You owe back taxes, the caller says.
The only way to avoid being taken to jail or to court is to purchase gift cards and read off the numbers to the government official.
By now, perhaps you realize you’ve been duped. Caller I.D. telephone numbers can be spoofed. That “government official” with a badge number is, in fact, a con artist, a government imposter. If you’re one of the victims called by these scammers, you aren’t alone.
A new study from the Better Business Bureau reveals that 44% of Americans have encountered a government imposter scam. BBB estimates victims have collectively lost hundreds of millions of dollars to these cons. Law enforcement officials say they receive hundreds of thousands of complaints. Complaints to the Federal Trade Commission have totaled $450 million in losses since 2015.
Whether the scammer purports to be a tax official, a representative from the Social Security Administration or a law enforcement officer, these con artists have a few things in common. Their con is predicated on using fear and intimidation to trick victims into turning over personal information or money, (often in the form of gift cards).
These scammers also threaten legal action or jail time if you don’t pay up. Scammers may tell consumers that their social security number has been associated with a crime or may threaten to deport recent immigrants or arrest people for missing jury duty.
BBB urges consumers to be wary of callers claiming to be from a government agency. Government officials will not cold call and threaten you. They will never demand payment via gift cards.

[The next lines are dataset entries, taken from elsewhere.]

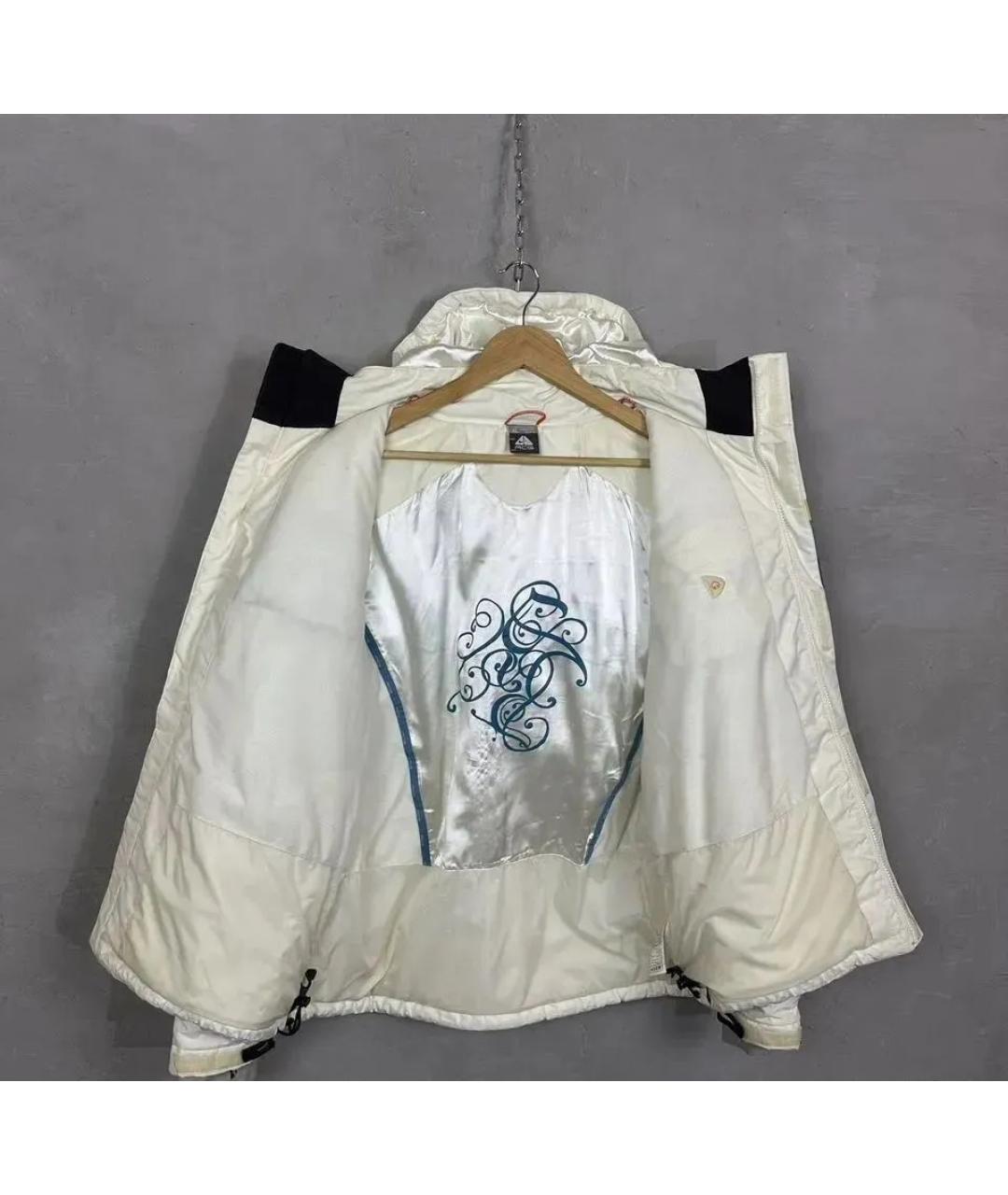NIKE ACG Белая куртка, фото 4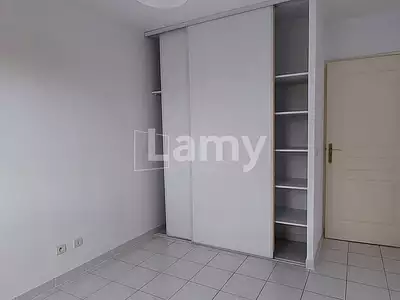 Appartement, 47,6 m²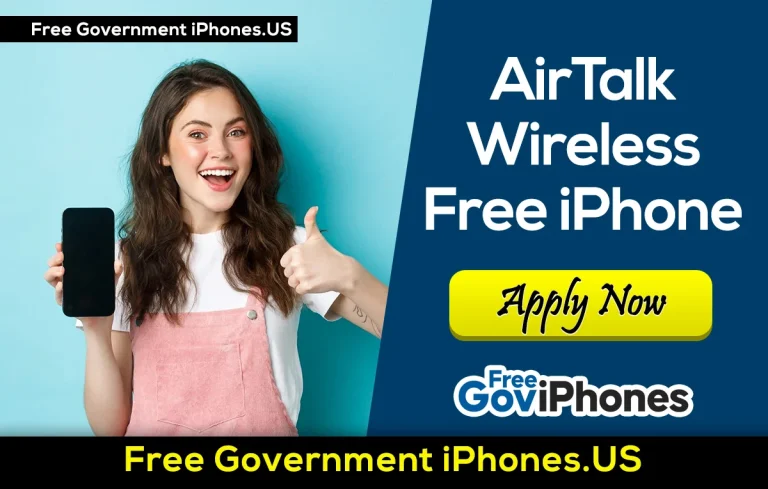 AirTalk Wireless Free iPhone: Claim Now!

Here’s what to do if you’ve encountered a government impostor scam:
- IRS: The Internal Revenue Service advises people to fill out the “IRS Impersonation Scam” form on the Treasury Inspector General for Tax Impersonation’s website, tigta.gov, or call TIGTA at 1-800-366-4484.
Social Security: The Office of the Inspector General, Social Security Administration (SSA IG) has its own online form to take complaints about frauds impersonating the SSA.
Contact your cellphone carrier, which may offer free services such as scam call identification and blocking, ID monitoring, a second phone number to give out to businesses so you can use your main number for close friends or a new number if you get too many spam calls.
File a report with BBB Scam Tracker.